#### WORK TASK
Please give back, word for word, only the lines starting at the one containing "IMG-20240514-WA0095_WM" and ending at the one containing "Urubu à tête rouge - ML606130871" within the material below.

#### INPUT MATERIAL
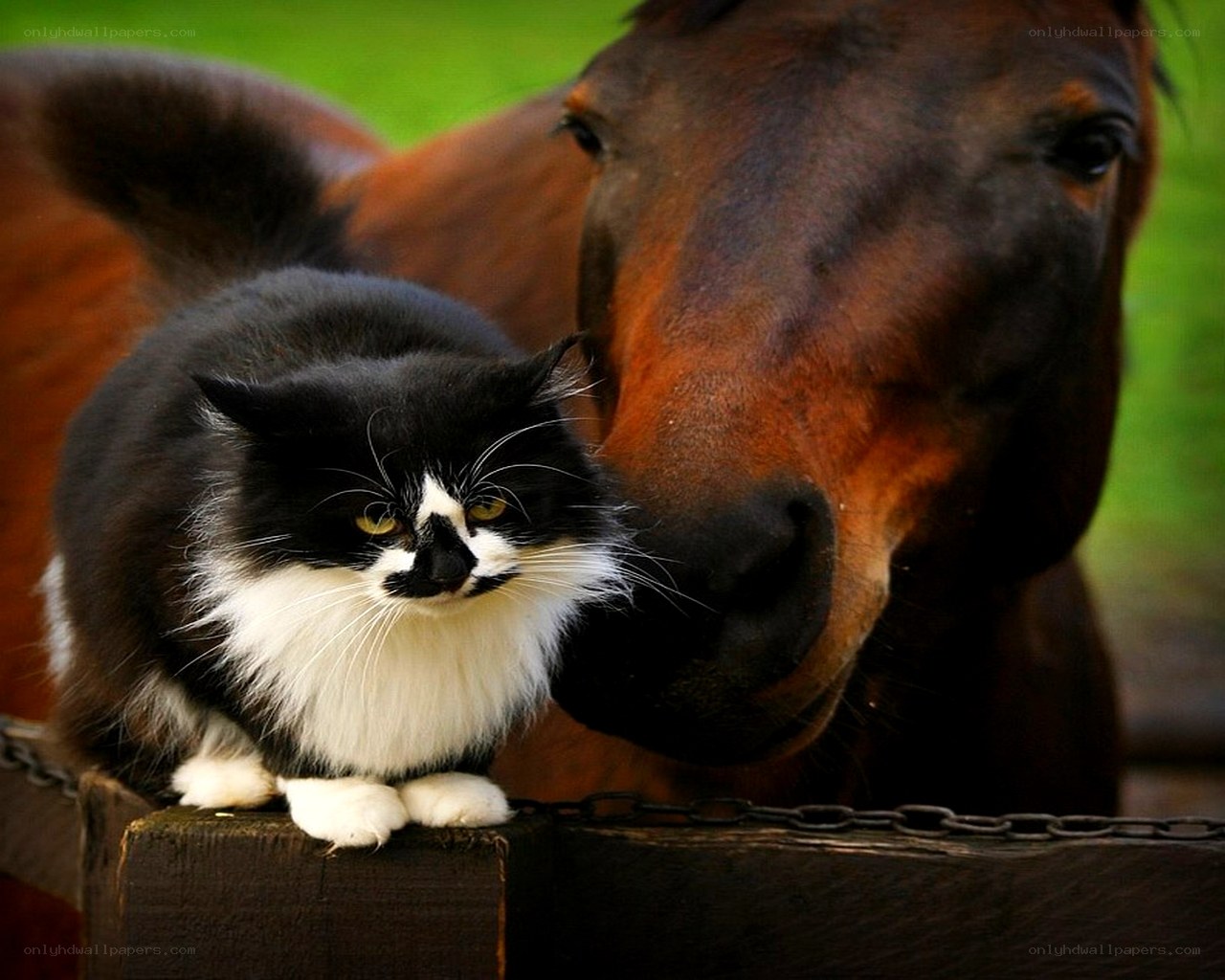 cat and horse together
...
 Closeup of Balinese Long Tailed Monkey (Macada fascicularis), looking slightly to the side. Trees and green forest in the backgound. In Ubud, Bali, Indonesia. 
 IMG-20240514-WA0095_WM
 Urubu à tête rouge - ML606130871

#### ANSWER BELOW
 IMG-20240514-WA0095_WM
 Urubu à tête rouge - ML606130871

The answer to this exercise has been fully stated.